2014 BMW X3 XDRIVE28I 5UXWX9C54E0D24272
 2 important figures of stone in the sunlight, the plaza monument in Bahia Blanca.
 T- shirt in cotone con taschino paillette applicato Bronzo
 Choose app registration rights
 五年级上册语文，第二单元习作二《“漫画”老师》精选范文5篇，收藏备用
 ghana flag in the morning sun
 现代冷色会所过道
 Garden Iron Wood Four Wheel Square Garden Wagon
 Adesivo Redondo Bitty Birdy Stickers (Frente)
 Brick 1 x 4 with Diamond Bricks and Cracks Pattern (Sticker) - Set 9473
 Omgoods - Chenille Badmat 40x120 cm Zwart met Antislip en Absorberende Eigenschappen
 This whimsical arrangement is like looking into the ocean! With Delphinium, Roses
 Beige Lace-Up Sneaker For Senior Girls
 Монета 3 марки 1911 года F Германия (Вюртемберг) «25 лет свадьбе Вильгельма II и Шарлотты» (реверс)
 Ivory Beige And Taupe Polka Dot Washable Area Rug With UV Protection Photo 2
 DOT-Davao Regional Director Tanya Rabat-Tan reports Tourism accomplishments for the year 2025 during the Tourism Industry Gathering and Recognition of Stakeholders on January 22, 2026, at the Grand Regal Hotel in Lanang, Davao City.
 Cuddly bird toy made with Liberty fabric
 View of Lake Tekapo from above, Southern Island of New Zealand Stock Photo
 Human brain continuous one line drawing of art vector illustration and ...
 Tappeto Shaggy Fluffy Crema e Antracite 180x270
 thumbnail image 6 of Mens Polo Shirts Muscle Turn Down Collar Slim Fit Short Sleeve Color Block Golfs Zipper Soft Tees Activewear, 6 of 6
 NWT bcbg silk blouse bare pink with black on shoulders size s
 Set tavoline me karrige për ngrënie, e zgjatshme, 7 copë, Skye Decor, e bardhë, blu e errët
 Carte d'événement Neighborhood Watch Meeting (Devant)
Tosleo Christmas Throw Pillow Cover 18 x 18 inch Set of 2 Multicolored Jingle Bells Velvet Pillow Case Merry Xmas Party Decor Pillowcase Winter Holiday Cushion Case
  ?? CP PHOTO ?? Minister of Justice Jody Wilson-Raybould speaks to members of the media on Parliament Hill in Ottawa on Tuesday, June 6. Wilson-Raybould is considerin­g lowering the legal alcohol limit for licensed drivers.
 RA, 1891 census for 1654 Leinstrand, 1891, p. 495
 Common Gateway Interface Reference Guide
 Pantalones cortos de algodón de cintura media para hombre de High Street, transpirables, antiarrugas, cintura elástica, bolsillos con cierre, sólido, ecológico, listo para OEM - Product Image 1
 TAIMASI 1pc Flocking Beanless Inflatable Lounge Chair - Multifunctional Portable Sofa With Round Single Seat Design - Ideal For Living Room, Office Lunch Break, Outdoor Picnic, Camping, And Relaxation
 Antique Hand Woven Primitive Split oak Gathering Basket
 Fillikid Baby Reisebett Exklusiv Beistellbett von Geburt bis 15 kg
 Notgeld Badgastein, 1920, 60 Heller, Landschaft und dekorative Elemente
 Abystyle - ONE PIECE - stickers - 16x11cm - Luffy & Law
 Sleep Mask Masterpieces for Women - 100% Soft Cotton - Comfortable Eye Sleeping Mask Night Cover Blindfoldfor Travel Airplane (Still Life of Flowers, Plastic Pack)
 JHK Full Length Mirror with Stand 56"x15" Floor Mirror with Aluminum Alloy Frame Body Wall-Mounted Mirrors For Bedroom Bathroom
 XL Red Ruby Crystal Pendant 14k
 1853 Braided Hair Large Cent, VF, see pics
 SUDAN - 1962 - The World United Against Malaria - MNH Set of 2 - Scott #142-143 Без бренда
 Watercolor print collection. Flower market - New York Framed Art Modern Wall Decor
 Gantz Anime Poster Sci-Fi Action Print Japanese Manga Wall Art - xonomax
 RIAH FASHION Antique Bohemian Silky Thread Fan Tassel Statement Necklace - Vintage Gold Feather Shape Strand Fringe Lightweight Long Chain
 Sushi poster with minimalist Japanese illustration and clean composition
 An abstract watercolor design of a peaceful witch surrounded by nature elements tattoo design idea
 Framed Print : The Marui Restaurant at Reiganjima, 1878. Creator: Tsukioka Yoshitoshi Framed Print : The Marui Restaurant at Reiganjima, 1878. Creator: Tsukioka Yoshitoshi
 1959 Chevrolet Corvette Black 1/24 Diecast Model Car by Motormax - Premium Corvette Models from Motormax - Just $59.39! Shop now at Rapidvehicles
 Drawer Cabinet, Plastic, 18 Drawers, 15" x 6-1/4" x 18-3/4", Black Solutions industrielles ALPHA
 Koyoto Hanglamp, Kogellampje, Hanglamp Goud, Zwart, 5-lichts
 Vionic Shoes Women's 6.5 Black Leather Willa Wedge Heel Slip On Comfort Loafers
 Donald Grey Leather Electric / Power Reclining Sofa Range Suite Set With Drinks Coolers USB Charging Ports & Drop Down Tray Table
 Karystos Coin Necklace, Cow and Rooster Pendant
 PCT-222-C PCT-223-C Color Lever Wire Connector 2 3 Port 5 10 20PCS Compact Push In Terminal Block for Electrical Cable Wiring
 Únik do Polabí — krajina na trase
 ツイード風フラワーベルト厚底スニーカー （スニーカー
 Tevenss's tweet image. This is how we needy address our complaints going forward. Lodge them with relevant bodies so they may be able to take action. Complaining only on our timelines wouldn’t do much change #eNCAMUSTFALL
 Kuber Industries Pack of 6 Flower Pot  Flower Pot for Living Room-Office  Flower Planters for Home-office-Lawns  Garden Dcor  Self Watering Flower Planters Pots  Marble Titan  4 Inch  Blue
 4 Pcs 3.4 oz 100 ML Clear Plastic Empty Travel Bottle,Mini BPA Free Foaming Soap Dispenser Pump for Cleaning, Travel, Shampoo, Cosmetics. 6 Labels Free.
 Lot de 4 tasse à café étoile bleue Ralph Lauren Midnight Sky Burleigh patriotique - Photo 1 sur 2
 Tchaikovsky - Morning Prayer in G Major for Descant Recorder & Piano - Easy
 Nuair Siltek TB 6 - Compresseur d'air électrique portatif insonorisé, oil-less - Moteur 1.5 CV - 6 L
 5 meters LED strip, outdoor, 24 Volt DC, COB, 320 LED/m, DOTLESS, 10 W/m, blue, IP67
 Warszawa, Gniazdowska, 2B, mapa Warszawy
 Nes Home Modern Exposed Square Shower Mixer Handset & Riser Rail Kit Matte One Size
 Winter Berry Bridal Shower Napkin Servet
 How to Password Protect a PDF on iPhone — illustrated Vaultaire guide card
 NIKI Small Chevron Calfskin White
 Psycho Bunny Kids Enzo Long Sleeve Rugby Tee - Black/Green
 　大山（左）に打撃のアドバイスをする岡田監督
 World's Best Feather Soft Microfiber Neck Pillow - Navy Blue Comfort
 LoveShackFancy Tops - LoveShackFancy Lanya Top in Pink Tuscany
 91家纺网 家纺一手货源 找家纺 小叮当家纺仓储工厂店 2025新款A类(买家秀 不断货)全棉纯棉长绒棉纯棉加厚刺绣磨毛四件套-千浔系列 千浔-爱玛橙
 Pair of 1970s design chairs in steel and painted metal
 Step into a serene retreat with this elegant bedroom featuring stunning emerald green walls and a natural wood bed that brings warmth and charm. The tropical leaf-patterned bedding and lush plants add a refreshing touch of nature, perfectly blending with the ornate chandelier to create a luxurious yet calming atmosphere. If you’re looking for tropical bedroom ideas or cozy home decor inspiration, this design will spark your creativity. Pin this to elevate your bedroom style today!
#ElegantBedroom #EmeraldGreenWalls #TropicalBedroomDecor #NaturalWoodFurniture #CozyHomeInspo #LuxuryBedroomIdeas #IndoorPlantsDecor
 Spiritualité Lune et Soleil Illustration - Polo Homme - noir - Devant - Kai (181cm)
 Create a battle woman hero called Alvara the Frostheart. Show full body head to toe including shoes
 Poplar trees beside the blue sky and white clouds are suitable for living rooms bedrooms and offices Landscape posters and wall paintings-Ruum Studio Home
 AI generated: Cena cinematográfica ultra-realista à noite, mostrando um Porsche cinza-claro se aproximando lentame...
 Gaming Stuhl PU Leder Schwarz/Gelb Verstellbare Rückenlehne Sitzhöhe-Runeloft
***
(Your instructions) Transcribe, exactly and without additions, the lines of the records above, beginning with the line that contains "Tchaikovsky - Morning" and ending with the line that contains "Create a battle", both included.

(Output)
 Tchaikovsky - Morning Prayer in G Major for Descant Recorder & Piano - Easy
 Nuair Siltek TB 6 - Compresseur d'air électrique portatif insonorisé, oil-less - Moteur 1.5 CV - 6 L
 5 meters LED strip, outdoor, 24 Volt DC, COB, 320 LED/m, DOTLESS, 10 W/m, blue, IP67
 Warszawa, Gniazdowska, 2B, mapa Warszawy
 Nes Home Modern Exposed Square Shower Mixer Handset & Riser Rail Kit Matte One Size
 Winter Berry Bridal Shower Napkin Servet
 How to Password Protect a PDF on iPhone — illustrated Vaultaire guide card
 NIKI Small Chevron Calfskin White
 Psycho Bunny Kids Enzo Long Sleeve Rugby Tee - Black/Green
 　大山（左）に打撃のアドバイスをする岡田監督
 World's Best Feather Soft Microfiber Neck Pillow - Navy Blue Comfort
 LoveShackFancy Tops - LoveShackFancy Lanya Top in Pink Tuscany
 91家纺网 家纺一手货源 找家纺 小叮当家纺仓储工厂店 2025新款A类(买家秀 不断货)全棉纯棉长绒棉纯棉加厚刺绣磨毛四件套-千浔系列 千浔-爱玛橙
 Pair of 1970s design chairs in steel and painted metal
 Step into a serene retreat with this elegant bedroom featuring stunning emerald green walls and a natural wood bed that brings warmth and charm. The tropical leaf-patterned bedding and lush plants add a refreshing touch of nature, perfectly blending with the ornate chandelier to create a luxurious yet calming atmosphere. If you’re looking for tropical bedroom ideas or cozy home decor inspiration, this design will spark your creativity. Pin this to elevate your bedroom style today!
#ElegantBedroom #EmeraldGreenWalls #TropicalBedroomDecor #NaturalWoodFurniture #CozyHomeInspo #LuxuryBedroomIdeas #IndoorPlantsDecor
 Spiritualité Lune et Soleil Illustration - Polo Homme - noir - Devant - Kai (181cm)
 Create a battle woman hero called Alvara the Frostheart. Show full body head to toe including shoes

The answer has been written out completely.